• **RECORD EXCERPTS**:

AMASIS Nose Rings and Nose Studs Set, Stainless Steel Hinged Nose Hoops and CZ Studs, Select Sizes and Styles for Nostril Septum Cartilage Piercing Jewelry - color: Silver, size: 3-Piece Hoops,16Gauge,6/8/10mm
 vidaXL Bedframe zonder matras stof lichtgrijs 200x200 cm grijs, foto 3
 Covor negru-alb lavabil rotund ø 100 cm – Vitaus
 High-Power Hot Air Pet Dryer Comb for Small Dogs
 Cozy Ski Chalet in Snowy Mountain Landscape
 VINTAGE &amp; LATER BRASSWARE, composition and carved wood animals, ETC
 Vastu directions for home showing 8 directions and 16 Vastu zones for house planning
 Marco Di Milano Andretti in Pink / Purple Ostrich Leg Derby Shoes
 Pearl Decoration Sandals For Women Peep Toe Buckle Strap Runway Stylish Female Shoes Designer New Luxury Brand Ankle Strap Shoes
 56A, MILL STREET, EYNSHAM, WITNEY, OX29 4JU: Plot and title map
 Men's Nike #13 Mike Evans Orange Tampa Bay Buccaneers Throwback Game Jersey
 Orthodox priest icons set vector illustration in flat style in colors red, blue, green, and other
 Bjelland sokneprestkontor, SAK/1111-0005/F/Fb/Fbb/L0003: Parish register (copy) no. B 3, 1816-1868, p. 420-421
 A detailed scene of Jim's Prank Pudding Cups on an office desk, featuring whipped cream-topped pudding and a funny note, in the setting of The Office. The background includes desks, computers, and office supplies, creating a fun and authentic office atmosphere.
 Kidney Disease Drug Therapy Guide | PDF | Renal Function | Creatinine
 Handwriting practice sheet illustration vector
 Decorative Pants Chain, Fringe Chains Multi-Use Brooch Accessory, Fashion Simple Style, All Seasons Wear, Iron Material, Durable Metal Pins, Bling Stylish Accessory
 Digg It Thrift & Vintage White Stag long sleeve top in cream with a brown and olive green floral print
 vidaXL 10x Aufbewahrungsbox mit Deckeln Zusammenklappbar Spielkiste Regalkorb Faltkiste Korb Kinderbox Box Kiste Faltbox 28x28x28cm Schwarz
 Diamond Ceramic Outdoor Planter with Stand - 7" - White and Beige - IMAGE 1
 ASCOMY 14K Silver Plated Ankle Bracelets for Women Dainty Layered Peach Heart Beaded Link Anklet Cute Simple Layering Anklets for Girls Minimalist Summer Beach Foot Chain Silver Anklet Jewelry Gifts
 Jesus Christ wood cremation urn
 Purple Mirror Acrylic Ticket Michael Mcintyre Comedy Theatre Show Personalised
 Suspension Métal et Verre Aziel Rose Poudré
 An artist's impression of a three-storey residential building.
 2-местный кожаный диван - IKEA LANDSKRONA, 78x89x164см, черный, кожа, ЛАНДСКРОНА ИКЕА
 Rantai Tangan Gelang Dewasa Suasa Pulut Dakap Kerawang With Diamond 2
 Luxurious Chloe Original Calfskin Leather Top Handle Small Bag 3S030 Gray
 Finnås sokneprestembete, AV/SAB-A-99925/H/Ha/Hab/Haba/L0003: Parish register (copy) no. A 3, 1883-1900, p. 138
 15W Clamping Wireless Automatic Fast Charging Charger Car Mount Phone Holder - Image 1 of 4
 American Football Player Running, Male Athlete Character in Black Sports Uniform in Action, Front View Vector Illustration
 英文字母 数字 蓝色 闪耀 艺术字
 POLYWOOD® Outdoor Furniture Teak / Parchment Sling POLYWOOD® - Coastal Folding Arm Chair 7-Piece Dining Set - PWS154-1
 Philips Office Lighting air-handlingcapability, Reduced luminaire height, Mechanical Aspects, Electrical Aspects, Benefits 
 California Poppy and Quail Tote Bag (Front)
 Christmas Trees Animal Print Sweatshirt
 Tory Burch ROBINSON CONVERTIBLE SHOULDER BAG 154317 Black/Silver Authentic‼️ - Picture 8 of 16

• **ACTIVITY**: Your answer should consist only of the lines above between the line holding "Diamond Ceramic Outdoor" and the line holding "Rantai Tangan Gelang", inclusive, each transcribed exactly.

• **EXPECTED ANSWER**:
 Diamond Ceramic Outdoor Planter with Stand - 7" - White and Beige - IMAGE 1
 ASCOMY 14K Silver Plated Ankle Bracelets for Women Dainty Layered Peach Heart Beaded Link Anklet Cute Simple Layering Anklets for Girls Minimalist Summer Beach Foot Chain Silver Anklet Jewelry Gifts
 Jesus Christ wood cremation urn
 Purple Mirror Acrylic Ticket Michael Mcintyre Comedy Theatre Show Personalised
 Suspension Métal et Verre Aziel Rose Poudré
 An artist's impression of a three-storey residential building.
 2-местный кожаный диван - IKEA LANDSKRONA, 78x89x164см, черный, кожа, ЛАНДСКРОНА ИКЕА
 Rantai Tangan Gelang Dewasa Suasa Pulut Dakap Kerawang With Diamond 2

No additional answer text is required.